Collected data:
= = =

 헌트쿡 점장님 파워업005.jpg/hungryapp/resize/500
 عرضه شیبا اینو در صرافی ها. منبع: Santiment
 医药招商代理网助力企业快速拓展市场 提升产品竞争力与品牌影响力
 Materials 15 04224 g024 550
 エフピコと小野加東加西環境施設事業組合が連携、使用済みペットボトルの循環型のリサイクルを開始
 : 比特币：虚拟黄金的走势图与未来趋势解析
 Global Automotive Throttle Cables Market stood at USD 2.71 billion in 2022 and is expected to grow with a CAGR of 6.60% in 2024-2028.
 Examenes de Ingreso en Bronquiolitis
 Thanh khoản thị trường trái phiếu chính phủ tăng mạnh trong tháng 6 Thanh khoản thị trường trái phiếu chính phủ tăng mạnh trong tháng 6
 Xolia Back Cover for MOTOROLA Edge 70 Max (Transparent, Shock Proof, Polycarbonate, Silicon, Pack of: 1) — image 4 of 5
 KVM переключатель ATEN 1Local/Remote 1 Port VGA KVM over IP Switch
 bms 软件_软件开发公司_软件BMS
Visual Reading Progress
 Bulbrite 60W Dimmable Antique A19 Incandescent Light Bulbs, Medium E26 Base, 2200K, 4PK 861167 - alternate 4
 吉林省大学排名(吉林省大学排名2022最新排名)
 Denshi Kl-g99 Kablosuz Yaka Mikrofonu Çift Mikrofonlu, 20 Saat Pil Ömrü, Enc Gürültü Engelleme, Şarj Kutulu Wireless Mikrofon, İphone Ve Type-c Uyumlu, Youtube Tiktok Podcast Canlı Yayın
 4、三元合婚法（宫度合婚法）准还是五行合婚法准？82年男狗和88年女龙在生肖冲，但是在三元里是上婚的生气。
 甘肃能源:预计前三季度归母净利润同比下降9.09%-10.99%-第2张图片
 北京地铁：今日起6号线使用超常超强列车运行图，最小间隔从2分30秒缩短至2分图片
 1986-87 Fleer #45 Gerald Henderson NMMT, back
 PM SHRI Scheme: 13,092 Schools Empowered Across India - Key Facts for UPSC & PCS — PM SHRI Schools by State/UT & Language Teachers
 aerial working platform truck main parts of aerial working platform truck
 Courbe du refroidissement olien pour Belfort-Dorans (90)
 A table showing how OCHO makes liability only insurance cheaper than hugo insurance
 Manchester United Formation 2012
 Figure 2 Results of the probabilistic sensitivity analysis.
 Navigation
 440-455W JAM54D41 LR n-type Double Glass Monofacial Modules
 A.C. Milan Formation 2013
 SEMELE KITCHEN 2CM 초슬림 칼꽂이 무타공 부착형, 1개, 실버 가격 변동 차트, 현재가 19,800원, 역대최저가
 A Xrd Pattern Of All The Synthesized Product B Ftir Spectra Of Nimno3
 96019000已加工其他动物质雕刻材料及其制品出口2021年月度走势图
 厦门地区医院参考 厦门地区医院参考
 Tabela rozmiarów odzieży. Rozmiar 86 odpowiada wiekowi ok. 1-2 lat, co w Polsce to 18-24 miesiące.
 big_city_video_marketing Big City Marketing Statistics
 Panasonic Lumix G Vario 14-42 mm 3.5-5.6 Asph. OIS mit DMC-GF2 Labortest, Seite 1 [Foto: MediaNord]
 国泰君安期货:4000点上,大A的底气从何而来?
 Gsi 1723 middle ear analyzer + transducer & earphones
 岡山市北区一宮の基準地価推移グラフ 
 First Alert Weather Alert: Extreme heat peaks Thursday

= = =

Work task:
Would you please copy every line in the data that contains the word "Formation"?

Response area:
 Manchester United Formation 2012
 A.C. Milan Formation 2013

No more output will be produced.